- Born: February 18, 1953 (age 73) Guangdong, China
- Citizenship: United States
- Education: Chinese Academy of Social Sciences UC Berkeley
- Occupation: Entrepreneur
- Years active: 1991–present
- Spouses: Hu An (former); Ding Wei (current);
- Children: 2
- Parent: Xue Zizheng

Chinese name
- Chinese: 薛必群

Standard Mandarin
- Hanyu Pinyin: Xuē Bìqún

Xue Manzi
- Traditional Chinese: 薛蠻子
- Simplified Chinese: 薛蛮子

Standard Mandarin
- Hanyu Pinyin: Xuē Mánzǐ

= Charles Xue =

Chinese-American entrepreneur (born 1953)

Charles Bi-chuen Xue (薛必群 (Xuē Bìqún)) is a Chinese-American entrepreneur and angel investor, better known by his screen name Xue Manzi. He was one of the founders of UTStarcom, the Chairman of 8848 Electronic Commerce Network, the Chairman of Prcedu.

==Biography==
Xue was born in Guangdong Province in 1953. His father, Xue Zizheng, was the vice minister of the United Front Work Department. During his childhood, Xue lived in Toufa Hutong, Beijing. In 1966 when Xue was thirteen years old, the Cultural Revolution was launched by Mao Zedong, during which his father Xue Zizheng was isolated and jailed.

Two years later, Xue went to Urad Front Banner to work as a Sent-down youth in the Down to the Countryside Movement.

In 1976, Xue worked at Wenwu Publisher as an editor, and started to learn English from Xiao Qian, Shen Congwen and Li Jianwu. He translated the White House Guard into Chinese with his friend and got 468 yuan.

In 1978, Xue was accepted to the Chinese Academy of Social Sciences, he entered UC Berkeley in 1980, and he made the acquaintance of Masayoshi Son, Lu Hongliang, and Stan Lai. Before graduating, Xue was employed in New York City. After graduating, Xue worked in ThyssenKrupp. In June 1991, Xue returned to Beijing, he founded Unitech with Lu Hongliang and Wang Zuguang.

In 2011, Xue founded 8848 Electronic Commerce Network. In 2008, Xue settled back in Beijing with his wife and children. In August 2013, Xue attended a meeting which was convened by Lu Wei, the Chairman of the State Council Information Office.

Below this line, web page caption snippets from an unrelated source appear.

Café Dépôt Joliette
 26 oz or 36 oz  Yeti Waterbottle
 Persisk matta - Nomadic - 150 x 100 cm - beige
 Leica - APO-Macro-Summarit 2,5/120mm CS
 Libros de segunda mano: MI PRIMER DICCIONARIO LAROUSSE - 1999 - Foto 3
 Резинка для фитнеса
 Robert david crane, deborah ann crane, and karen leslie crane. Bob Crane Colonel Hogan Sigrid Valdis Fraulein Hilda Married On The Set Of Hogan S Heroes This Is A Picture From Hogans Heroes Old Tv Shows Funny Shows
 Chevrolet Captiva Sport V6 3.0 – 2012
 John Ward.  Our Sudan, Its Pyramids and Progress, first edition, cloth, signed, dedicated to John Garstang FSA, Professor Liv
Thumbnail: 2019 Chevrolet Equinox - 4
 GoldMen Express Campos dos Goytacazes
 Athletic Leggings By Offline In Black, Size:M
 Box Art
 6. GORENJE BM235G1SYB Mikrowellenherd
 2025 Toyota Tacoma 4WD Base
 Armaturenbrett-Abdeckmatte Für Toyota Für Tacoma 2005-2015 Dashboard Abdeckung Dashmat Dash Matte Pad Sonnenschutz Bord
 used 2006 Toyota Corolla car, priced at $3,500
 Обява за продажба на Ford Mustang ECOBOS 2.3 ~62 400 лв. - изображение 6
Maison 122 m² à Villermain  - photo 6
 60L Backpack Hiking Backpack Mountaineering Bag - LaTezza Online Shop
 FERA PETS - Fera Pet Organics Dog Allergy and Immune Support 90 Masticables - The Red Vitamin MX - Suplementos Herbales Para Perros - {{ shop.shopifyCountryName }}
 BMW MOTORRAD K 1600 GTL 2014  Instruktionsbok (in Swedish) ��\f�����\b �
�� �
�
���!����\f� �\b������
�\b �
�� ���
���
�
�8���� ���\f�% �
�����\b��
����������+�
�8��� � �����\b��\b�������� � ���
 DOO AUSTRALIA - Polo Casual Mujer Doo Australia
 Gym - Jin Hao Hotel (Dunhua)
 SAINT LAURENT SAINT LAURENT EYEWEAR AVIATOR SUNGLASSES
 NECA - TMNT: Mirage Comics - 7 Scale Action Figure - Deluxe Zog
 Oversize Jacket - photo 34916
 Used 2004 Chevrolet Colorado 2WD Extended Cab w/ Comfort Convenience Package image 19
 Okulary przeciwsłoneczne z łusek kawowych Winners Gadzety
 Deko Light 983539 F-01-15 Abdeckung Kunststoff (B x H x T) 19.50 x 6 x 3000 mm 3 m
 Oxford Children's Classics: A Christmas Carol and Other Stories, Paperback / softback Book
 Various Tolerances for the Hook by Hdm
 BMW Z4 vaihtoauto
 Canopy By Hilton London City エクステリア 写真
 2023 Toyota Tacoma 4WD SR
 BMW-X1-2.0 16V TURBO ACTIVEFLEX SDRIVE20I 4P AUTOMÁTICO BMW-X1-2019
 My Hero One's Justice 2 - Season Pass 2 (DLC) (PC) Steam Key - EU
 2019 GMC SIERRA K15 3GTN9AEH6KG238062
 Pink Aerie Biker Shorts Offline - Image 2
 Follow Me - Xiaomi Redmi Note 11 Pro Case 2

On 23 August 2013, Xue was arrested for soliciting a prostitute by the Beijing Municipal Public Security Bureau. But Xue's real offense was his custom of sharing his ideas about corruption and political reform with his more than twelve-million followers on Weibo. Xue's arrest is regarded as part of China authority's plan to take back control of public opinion online. Later Xue apologized on CCTV, explaining that he came across prostitution while working abroad in countries like Thailand and the Netherlands. In his public apology, he explained that he often "did not verify the facts very thoroughly," "did not give constructive advice or opinion," and "focused simply on spreading the message" in his Weibo posts that he said were "full of emotion." Xue was released on bail in April 2014 "because he was sick," according to the Beijing police.